Ryszard Petru popiera kandydaturę Rafała Trzaskowskiego na prezydenta Warszawy
Ryszard Petru zdecydował się poprzeć Rafała Trzaskowskiego, kandydata PO na prezydenta Warszawy. Przewodniczący Nowoczesnej wystąpił na wspólnej konferencji z szefem PO Grzegorzem Schetyną. - Popieramy Rafała Trzaskowskiego na prezydenta Warszawy - powiedział Paweł Rabiej, który zrezygnował z walki o fotel włodarza stolicy. - Zjednoczenie opozycji zaczyna się od Warszawy. Nie oddamy naszego ukochanego miasta w ręce PiS - dodał Trzaskowski.
23.11.2017 | aktual.: 23.11.2017 11:06
- Zjednoczona Opozycja może zatrzymać PIS w samorządach. Chcemy szerokiej, otwartej, obywatelskiej koalicji w sejmikach. Dziś wchodzimy w nowy etap współpracy na rzecz Polski Samorządnej. Zaczynamy od Warszawy - ogłosił lider PO Grzegorz Schetyna. Deklaracja poparcia dla Trzaskowskiego padła z ust Pawła Rabieja, który wcześniej był kandydatem Nowoczesnej na prezydenta stolicy. Wedlug najnowszych ustaleń Rabiej miałby być zastępcą Trzaskowskiego w Ratuszu.

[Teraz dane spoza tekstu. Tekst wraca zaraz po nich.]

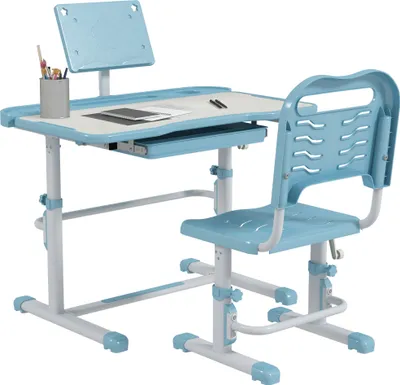 Produktbild von ZONEKIZ Schreibtisch- und Stuhl-Set für Kinder von 6–12 Jahren, höhen- und winkelverstellbarer Kinderschreibtisch mit 1 Schublade und 1 Bücherregal, 80 x 49,5 x 82–104 cm, Blau und Weiß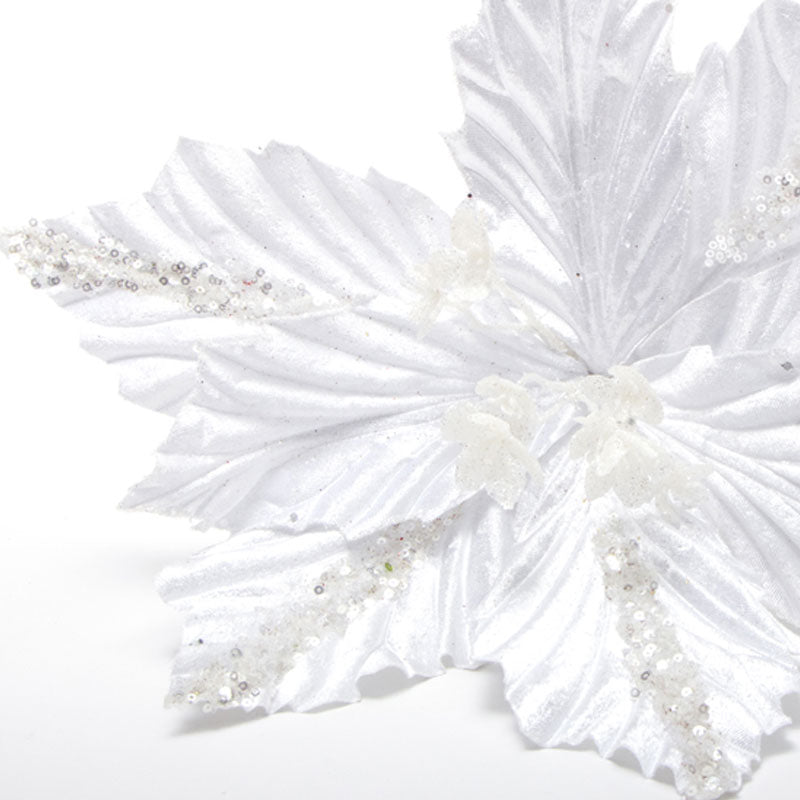 Pick Fiore Stella di Natale in velluto Bianco, decorazioni Natalizie, confezionamento dolciario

Schetyna i Petru podkreślili, że chcą szerszej współpracy nie tylko w stolicy, lecz także w innych miastach wojewódzkich. - Jesteśmy przekonani, że tak jak w Warszawie, wspólna praca i wspólny kandydat daje nową jakość i realizuje oczekiwania nie tylko mieszkańców Warszawy, ale wszystkich tych, którzy wierzą, że zjednoczona opozycja może zatrzymać złe rządy PiS - tłumaczył lider PO.
Schetyna zaapelował do "wszystkich niezależnych samorządowców". - Ci, którzy mają zaufanie mieszkańców, a których zła ordynacja zaproponowana PiS chce wyeliminować z wyborczych szranków mogą liczyć na miejsce w zbudowanej przez nas politycznej konstrukcji - podkreślił.
Zdaniem Petru "ordynacja, skok na sądownictwo, marsze narodowców wymagają od opozycji sprawnej współpracy".
- Chciałbym, żeby Rafał Trzaskowski był kandydatem PO i całej zjednoczonej opozycji w wyborach na prezydenta m.st. Warszawy – powiedział 2 listopada przewodniczący Grzegorz Schetyna i zwrócił się do opozycji z prośbą o wystawienie wspólnych kandydatów w wyborach samorządowych.
Nowoczesna - po ogłoszeniu decyzji przez lidera PO - zdystansowała się do kandydata tej partii. Postawiła na Pawła Rabieja. - Uważamy, że optymalnym kandydatem powinien być ktoś, kto nie ma powiązań z tym, co się działo w Warszawie, z reprywatyzacją, z prezydent stolicy Hanną Gronkiewicz-Waltz - stwierdził Petru.